Mr. Allen tells how “the man with the flat voice” made his start in radio back in 1932 with the first comedy show which played to the unseen audience — the ranking radio comedians of the time went to the mike dolled up in funny costumes and played to the studio audience as though they were on stage. He describes the grueling and hectic work that, went into the preparation of his programs. He writes about his special triumphs and misadventures; about some of his celebrated guest performers; about the fortunate accident that touched off his immensely successful feud with Jack Benny (which many listeners took seriously) and the hilarious high spots in the feud’s history.

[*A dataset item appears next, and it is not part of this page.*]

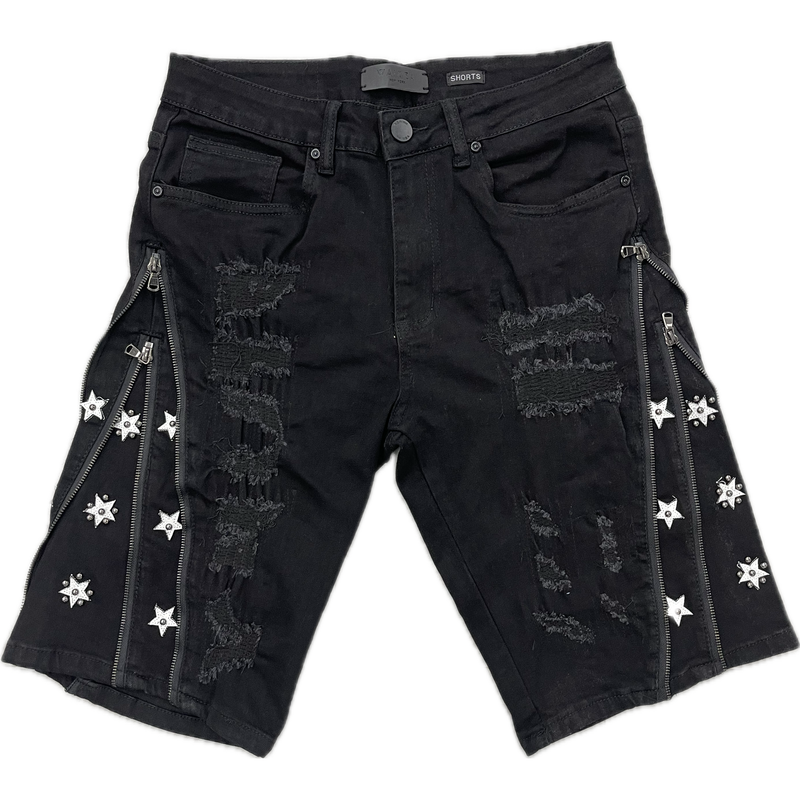 Waimea Zippered Denim Shorts "Black"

Mr. Allen displays throughout a delightfully murderous disrespect for sponsors, advertising executives, and the brass hats of the networks. “An advertising agency,” he writes, “is 85 per cent confusion and 15 per cent commission. A vice-president in an advertising agency is a ‘molehill man’ . . . a pseudo-busy executive who . . . finds a molehill on his desk [and] has until 5 P.M. to make [it] into a mountain. An accomplished molehill man will often have his mountain finished before lunch.” Another characteristic specimen of the “ miniature men ” of radio is described by Mr. Allen as “so high-strung he could have gone to a masquerade as a tennis racquet. He had a long neck that looked as though it were concealing three Adam’s apples. Actually he only had one Adam’s apple; the other two lumps . . . were olives he had been too busy to swallow as he dashed down his double Martinis at lunch.”
Besides having what it takes to convulse millions, Fred Allen is a humorist’s humorist. James Thurber, a gentleman not given to inflationary statements, has paid him this resounding tribute: “You can count on the thumb of one hand the American who is at once a comedian, a humorist, a wit, and a satirist, and his name is Fred Allen.”